──────── Raw data
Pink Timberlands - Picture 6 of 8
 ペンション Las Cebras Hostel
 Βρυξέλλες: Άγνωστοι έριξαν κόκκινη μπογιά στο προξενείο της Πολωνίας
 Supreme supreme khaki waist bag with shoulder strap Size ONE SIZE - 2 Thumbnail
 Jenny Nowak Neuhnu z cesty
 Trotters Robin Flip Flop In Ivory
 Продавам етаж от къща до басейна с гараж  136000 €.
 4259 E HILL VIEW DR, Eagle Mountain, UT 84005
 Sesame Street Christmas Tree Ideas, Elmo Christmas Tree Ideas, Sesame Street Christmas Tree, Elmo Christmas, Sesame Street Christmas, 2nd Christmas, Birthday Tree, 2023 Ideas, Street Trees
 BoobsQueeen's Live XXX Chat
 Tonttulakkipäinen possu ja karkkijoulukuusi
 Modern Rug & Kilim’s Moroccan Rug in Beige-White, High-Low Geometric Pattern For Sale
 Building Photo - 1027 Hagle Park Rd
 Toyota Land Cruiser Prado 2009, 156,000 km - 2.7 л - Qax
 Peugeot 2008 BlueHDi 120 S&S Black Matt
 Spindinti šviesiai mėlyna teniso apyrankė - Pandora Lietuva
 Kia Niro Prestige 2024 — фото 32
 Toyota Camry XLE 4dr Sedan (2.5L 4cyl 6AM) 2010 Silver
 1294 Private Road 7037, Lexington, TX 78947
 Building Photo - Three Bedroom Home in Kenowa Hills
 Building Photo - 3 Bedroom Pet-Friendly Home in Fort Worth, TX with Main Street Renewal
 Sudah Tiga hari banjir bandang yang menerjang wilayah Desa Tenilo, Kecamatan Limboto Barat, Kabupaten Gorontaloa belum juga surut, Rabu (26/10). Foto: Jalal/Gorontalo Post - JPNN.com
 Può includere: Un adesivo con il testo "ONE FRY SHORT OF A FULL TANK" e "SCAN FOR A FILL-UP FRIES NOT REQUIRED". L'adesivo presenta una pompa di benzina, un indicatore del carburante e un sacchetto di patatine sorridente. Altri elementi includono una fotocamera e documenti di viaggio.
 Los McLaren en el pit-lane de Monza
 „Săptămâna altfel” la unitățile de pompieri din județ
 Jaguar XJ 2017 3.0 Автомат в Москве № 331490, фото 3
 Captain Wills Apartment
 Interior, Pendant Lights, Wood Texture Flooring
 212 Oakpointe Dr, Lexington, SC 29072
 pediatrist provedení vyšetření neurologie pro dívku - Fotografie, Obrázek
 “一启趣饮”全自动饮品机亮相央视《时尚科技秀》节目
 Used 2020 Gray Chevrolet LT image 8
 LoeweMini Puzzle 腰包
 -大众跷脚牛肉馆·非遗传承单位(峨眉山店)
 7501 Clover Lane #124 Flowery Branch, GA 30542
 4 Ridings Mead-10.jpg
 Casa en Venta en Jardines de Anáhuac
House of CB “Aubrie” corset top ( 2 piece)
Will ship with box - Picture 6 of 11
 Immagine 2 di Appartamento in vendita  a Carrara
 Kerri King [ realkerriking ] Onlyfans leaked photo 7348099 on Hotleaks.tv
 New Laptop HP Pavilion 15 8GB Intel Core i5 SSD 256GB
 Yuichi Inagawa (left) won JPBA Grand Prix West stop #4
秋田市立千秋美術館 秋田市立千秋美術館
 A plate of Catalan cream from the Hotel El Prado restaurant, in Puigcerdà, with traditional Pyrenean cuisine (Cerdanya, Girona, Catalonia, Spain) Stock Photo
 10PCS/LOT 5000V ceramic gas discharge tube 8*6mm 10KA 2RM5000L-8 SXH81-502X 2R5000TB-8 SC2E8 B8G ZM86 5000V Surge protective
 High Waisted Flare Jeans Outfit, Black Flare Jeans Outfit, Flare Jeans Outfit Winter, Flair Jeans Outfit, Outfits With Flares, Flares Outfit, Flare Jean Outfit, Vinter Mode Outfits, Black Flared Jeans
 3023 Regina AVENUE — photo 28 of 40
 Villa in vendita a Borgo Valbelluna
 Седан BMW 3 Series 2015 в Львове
────────────────
• Work task
Establish how many lines of the entries hold the word "Street", giving nothing but the number.

• Your response
2